Je me permets d’attirer votre attention sur le fait qu’aucune de ces trois demandes de marques ne remplit les conditions requises pour être valablement enregistrée.

« Nuit Debout » est un mouvement de société sans précédent, impulsé par des citoyens de tous horizons, sans affiliation ni obédience politique, syndicale ou idéologique quelconque, fonctionnant sans leader ni porte-parole selon un système démocratique participatif, qui a été initié le 31 mars 2016 par la décision d’occuper la place de la République à Paris en signe de protestation contre la politique menée par le gouvernement français, et qui se matérialise depuis cette date par un ensemble de manifestations en France et dans le monde.

Je joins à toutes fins utiles au présent courrier un échantillon d’extraits de sites Internet et articles de presse rapportant l’historique de ce mouvement et faisant état de son ampleur considérable: plus de 80 grandes villes en France et plusieurs dizaines d’autres en Europe et dans le monde.

[Insérer ici un paragraphe de quelques lignes comprenant une brève présentation personnelle, destinée à décrire votre lien avec Nuit Debout ainsi que votre implication personnelle dans le mouvement ou votre intérêt pour celui-ci. Si possible, joindre au courrier tous documents permettant de justifier de votre implication dans le mouvement. Exemple: « Avocat au Barreau de Paris, j’ai participé au mouvement Nuit Debout dès son lancement le 31 mars 2016, et me suis depuis lors directement impliqué dans cet élan en participant notamment au collectif « Avocats Debout » institué dans le cadre de Nuit Debout, qui a vocation à proposer des consultations juridiques gratuites aux personnes se trouvant en situation de précarité juridique ».]

J’ai récemment constaté la publication au Bulletin Officiel de la Propriété Industrielle des trois demandes de marque « NUIT DEBOUT » citées en références.

Or, en application des articles R. 712-10, 2°) et L. 712-7, b) CPI, ces demandes d’enregistrement doivent être rejetées en intégralité dès lors notamment que le signe déposé « NUIT DEBOUT »:

  • n’est pas apte à constituer une marque au sens des articles L. 711-1 et L. 711-2 CPI, dans la mesure où, en raison de son usage très répandu, il n’est pas apte à distinguer des produits ou services et donc à exercer la fonction d’une marque (1), et
  • ne peut être adopté comme marque en raison du fait qu’il est contraire à l’ordre public, au sens de l’article L. 711-3 b) CPI (2).
  1. Le signe « NUIT DEBOUT » n’est pas apte à constituer une marque au sens des articles L. 711-1 et L. 711-2 CPI

L’article L. 711-1 CPI prévoit :

« La marque de fabrique, de commerce ou de service est un signe susceptible de représentation graphique servant à distinguer les produits ou services d’une personne physique ou morale. […] »

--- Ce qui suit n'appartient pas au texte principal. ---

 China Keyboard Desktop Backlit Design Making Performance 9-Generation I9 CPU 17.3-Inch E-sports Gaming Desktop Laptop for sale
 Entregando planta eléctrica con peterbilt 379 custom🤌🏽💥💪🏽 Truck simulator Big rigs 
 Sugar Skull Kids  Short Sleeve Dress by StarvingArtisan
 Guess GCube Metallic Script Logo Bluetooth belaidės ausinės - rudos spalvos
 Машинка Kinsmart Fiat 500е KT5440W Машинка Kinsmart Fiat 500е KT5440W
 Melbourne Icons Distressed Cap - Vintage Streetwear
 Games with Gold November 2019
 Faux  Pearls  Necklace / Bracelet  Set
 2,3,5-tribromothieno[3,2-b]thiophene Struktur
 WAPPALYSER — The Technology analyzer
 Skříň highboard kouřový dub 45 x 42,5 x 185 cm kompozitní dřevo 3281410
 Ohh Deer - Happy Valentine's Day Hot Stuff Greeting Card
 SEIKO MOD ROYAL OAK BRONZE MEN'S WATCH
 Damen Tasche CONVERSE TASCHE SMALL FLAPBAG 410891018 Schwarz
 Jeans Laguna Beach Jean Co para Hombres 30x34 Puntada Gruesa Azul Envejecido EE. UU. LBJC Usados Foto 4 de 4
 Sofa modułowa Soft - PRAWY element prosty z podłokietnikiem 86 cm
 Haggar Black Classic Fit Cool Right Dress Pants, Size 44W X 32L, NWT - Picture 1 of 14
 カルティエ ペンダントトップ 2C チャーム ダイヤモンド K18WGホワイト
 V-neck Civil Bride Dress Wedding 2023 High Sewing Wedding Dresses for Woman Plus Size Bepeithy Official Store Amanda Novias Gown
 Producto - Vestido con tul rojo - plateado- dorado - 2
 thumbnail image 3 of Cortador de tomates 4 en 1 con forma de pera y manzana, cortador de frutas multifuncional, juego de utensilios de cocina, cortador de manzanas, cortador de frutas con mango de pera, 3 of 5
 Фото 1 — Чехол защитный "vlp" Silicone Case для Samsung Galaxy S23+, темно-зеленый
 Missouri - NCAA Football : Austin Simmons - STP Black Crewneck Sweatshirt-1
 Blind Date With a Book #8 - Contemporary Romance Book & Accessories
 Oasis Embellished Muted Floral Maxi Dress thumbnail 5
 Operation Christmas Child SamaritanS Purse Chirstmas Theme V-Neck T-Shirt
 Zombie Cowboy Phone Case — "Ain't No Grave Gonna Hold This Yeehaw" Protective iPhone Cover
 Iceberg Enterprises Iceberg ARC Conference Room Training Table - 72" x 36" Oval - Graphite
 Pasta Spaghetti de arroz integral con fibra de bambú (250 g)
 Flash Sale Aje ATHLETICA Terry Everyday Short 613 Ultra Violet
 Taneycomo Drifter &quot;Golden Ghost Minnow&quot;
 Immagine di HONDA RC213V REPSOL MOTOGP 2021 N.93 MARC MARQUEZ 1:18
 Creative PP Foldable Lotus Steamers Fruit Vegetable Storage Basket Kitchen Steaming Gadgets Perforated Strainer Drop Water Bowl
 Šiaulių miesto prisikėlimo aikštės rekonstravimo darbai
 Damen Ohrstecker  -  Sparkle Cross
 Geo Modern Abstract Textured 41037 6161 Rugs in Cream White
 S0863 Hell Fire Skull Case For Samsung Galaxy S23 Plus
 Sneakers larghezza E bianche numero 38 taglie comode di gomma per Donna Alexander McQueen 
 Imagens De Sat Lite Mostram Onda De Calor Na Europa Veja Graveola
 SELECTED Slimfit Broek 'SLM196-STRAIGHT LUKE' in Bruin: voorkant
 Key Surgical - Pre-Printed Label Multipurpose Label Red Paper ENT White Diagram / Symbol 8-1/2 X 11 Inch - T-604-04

Il ressort de ce texte que pour être apte à constituer une marque, un signe doit permettre aux consommateurs d’identifier l’origine industrielle ou commerciale des produits ou services auxquels il a vocation à s’appliquer.

La Cour de justice de l’Union européenne a, en effet, posé le principe selon lequel la fonction première et essentielle d’une marque réside dans son aptitude à indiquer l’origine de produits ou services, et ainsi à permettre aux consommateurs de distinguer lesdits produits ou services de ceux offerts par les autres opérateurs économiques:

« la fonction essentielle de la marque est de garantir au consommateur ou à l’utilisateur final l’identité d’origine du produit marqué, en lui permettant de distinguer sans confusion possible ce produit de ceux qui ont une autre provenance. » (CJCE 23 mai 1978, Hoffmann-La Roche c. Centrafarm, aff. 103/77, pt. 7).

Par ailleurs, l’article L. 711-2, alinéa 1er CPI prévoit que :

« Le caractère distinctif d’un signe de nature à constituer une marque s’apprécie à l’égard des produits ou services désignés. »

Selon un principe constant en jurisprudence, le caractère distinctif d’une marque s’apprécie :

« par rapport, d’une part, aux produits et services pour lesquels l’enregistrement de la marque a été demandé, et, d’autre part, à la perception des milieux intéressés, qui sont constitués par les consommateurs desdits produits et services. Il s’agit de la perception présumée d’un consommateur moyen des produits ou services en cause, normalement informé et raisonnablement attentif et avisé » (CJCE 12 février 2004, Henkel c. Deutches Patent und Markenamt, aff. C-2018/01, pt. 50).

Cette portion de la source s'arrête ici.